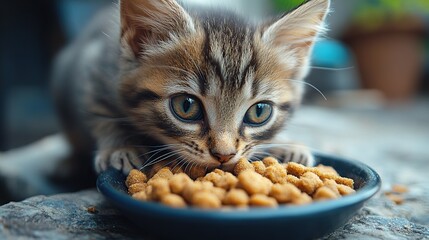 Wall Mural - Adorable tabby kitten with bright eyes eagerly eating kibble from a dark blue bowl outdoors.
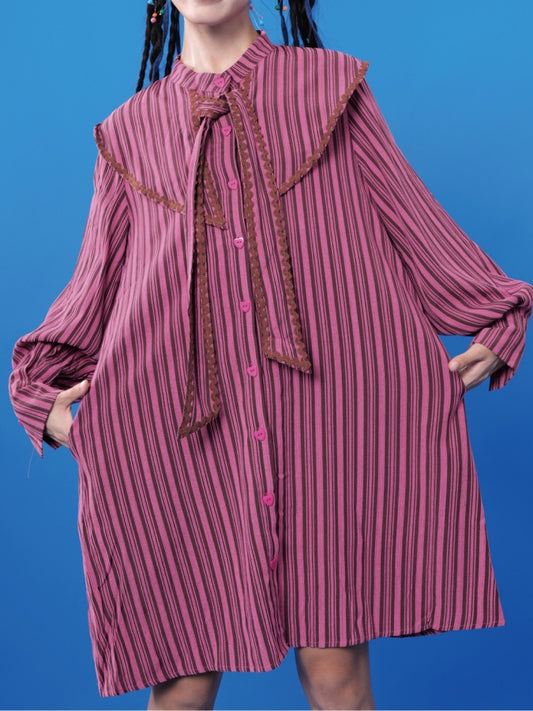 Doll collar striped shirt dress X2848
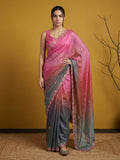 fendy satin designer saree with intricate gotapatti embroidery work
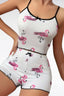 Aria's Closet Pamuklu Beyaz Üstüne Pelikan Desen Fitilli Askılı Şortlu Pijama Takımı Beyaz S/M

What you need to do |
Give back the full data exactly as it reads, but drop the pictures.

Your solution |
 Wall Mural - Adorable tabby kitten with bright eyes eagerly eating kibble from a dark blue bowl outdoors.
 Doll collar striped shirt dress X2848
 fendy satin designer saree with intricate gotapatti embroidery work
 Aria's Closet Pamuklu Beyaz Üstüne Pelikan Desen Fitilli Askılı Şortlu Pijama Takımı Beyaz S/M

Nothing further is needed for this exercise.